··· Data to examine ···

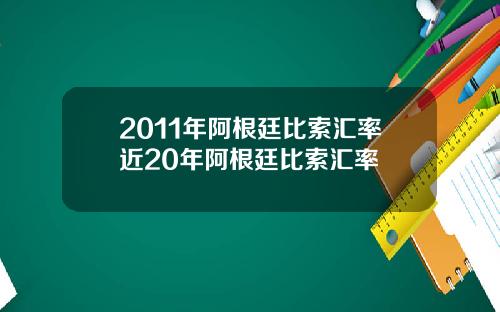 2011年阿根廷比索汇率近20年阿根廷比索汇率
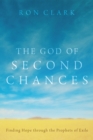 Image for God of Second Chances: Finding Hope Through the Prophets of Exile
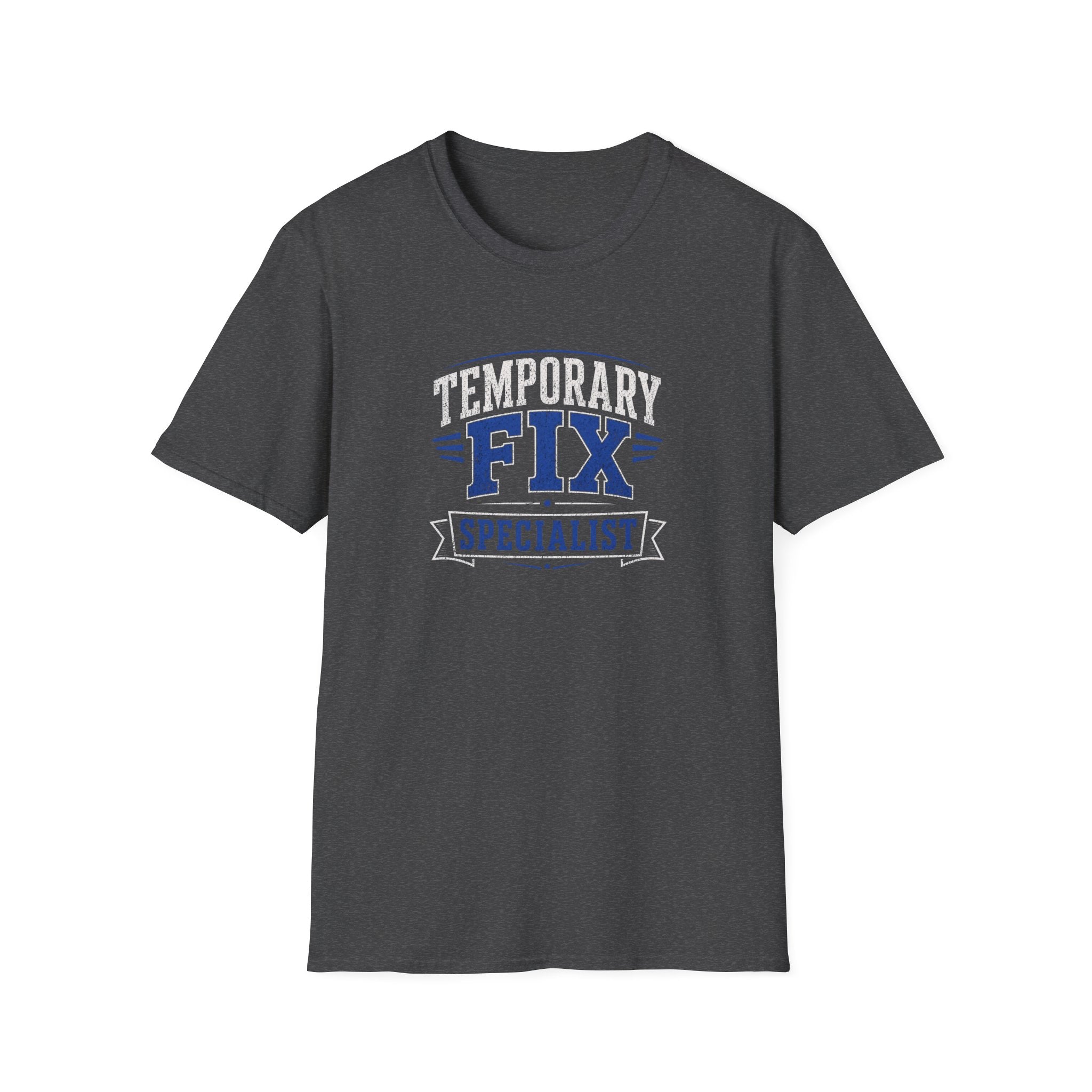 Temporary Fix Specialist T-Shirt — Funny Handyman / DIY Repair Crew Shirt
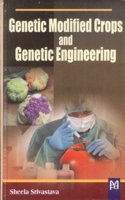 Genetic Modified Crops And Genetic Engineering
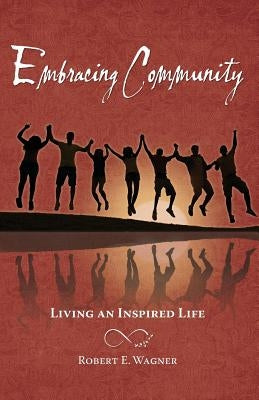 Embracing Community: Living an Inspired Life by Wagner, Robert E.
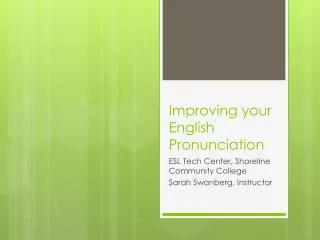 Improving your English Pronunciation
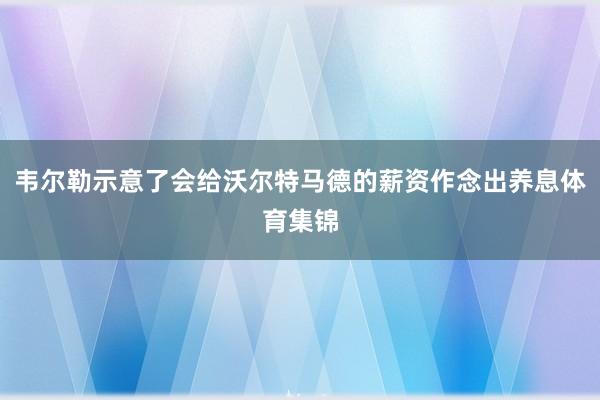 韦尔勒示意了会给沃尔特马德的薪资作念出养息体育集锦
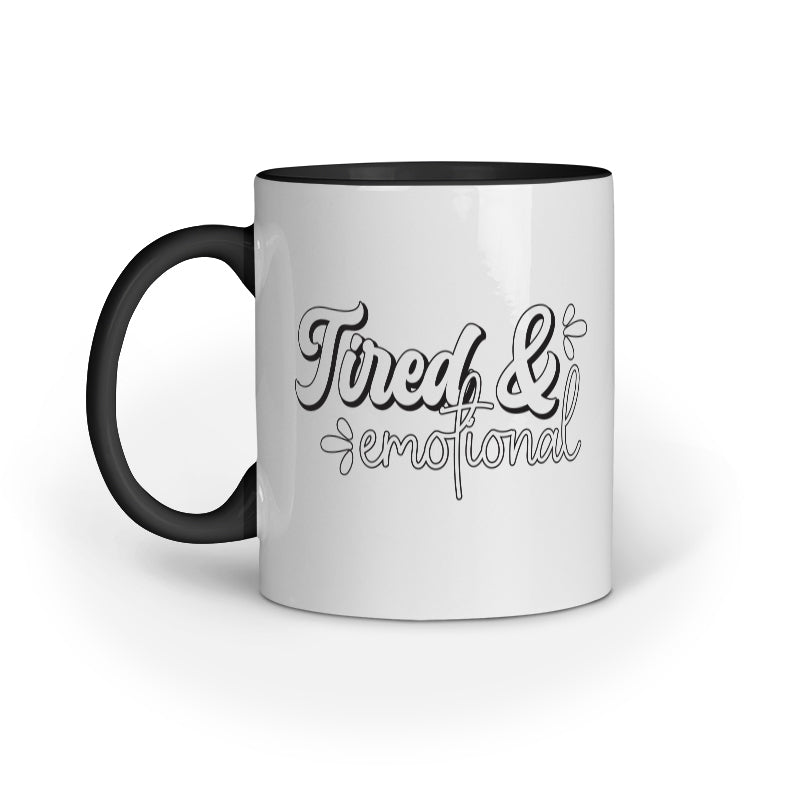 Tired and Emotional Quote Printed Mugs from Creativeya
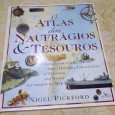 O ATLAS DOS NAUFRÁGIOS & TESOUROS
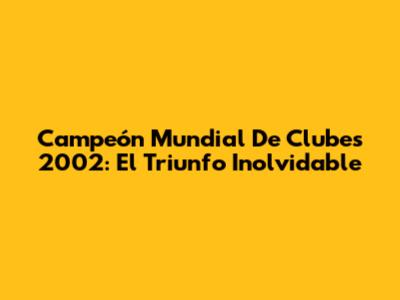 Campeón Mundial De Clubes 2002: El Triunfo Inolvidable
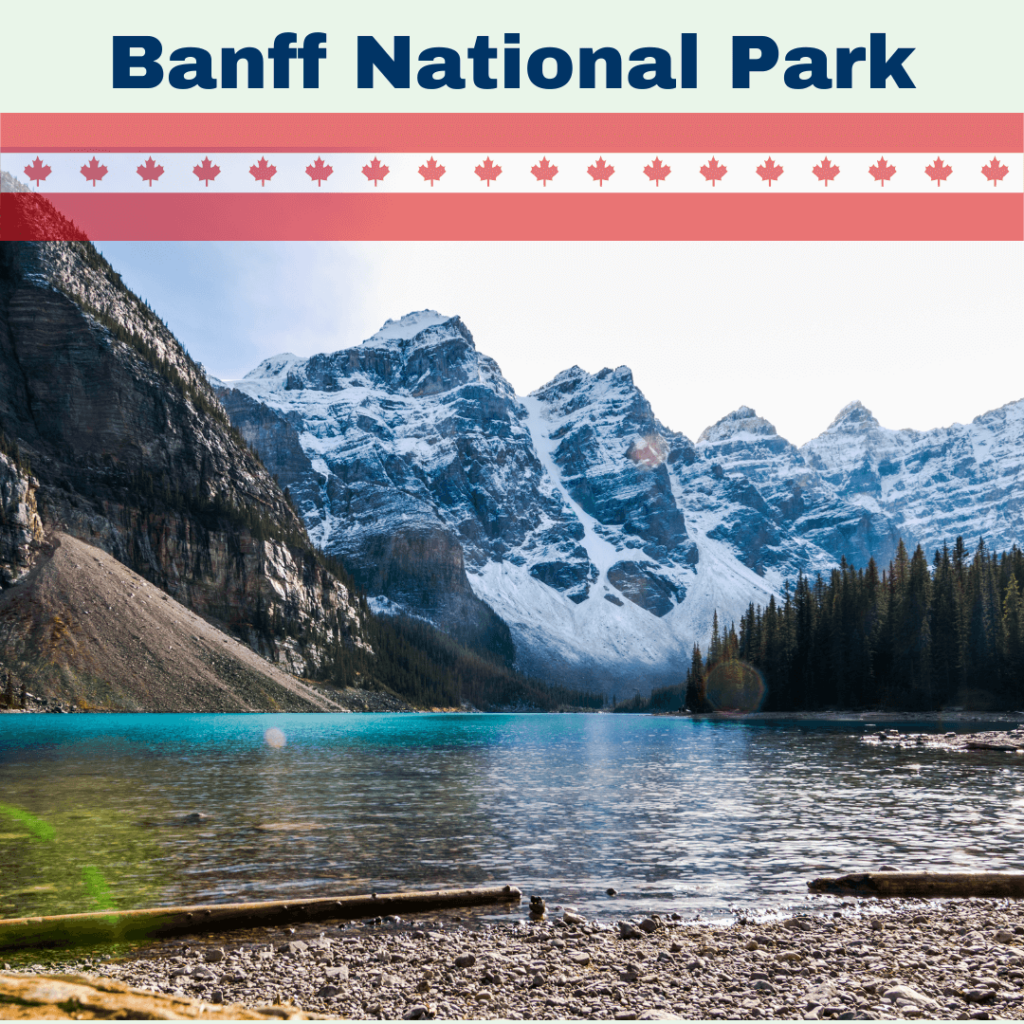 Scenic view of Banff National Park in Canada, featuring majestic mountains, lush forests, and a crystal-clear lake, surrounded by breathtaking natural beauty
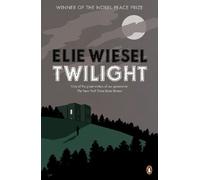 Twilight by Elie Wiesel - 9780241963678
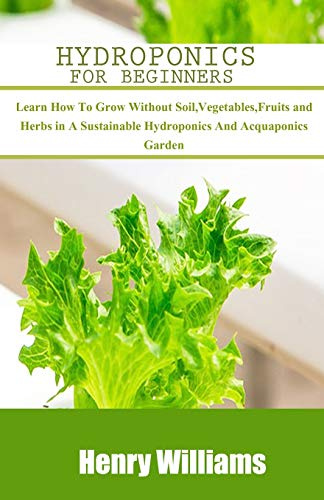 HYDROPONICS FOR BEGINNERS: Learn how to grow without soil, vegetables, fruits and herbs in a sustainable hydroponics and acquaponics garden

···

● Brief: Retype all of the listing above exactly, but keep its pictures out.

● Solution for this exercise:
 2011年阿根廷比索汇率近20年阿根廷比索汇率
 Image for God of Second Chances: Finding Hope Through the Prophets of Exile
 Temporary Fix Specialist T-Shirt — Funny Handyman / DIY Repair Crew Shirt
 Genetic Modified Crops And Genetic Engineering
 Embracing Community: Living an Inspired Life by Wagner, Robert E.
 Improving your English Pronunciation
 韦尔勒示意了会给沃尔特马德的薪资作念出养息体育集锦
 Tired and Emotional Quote Printed Mugs from Creativeya
 O ATLAS DOS NAUFRÁGIOS & TESOUROS
 Campeón Mundial De Clubes 2002: El Triunfo Inolvidable
 Scenic view of Banff National Park in Canada, featuring majestic mountains, lush forests, and a crystal-clear lake, surrounded by breathtaking natural beauty
 Twilight by Elie Wiesel - 9780241963678
 HYDROPONICS FOR BEGINNERS: Learn how to grow without soil, vegetables, fruits and herbs in a sustainable hydroponics and acquaponics garden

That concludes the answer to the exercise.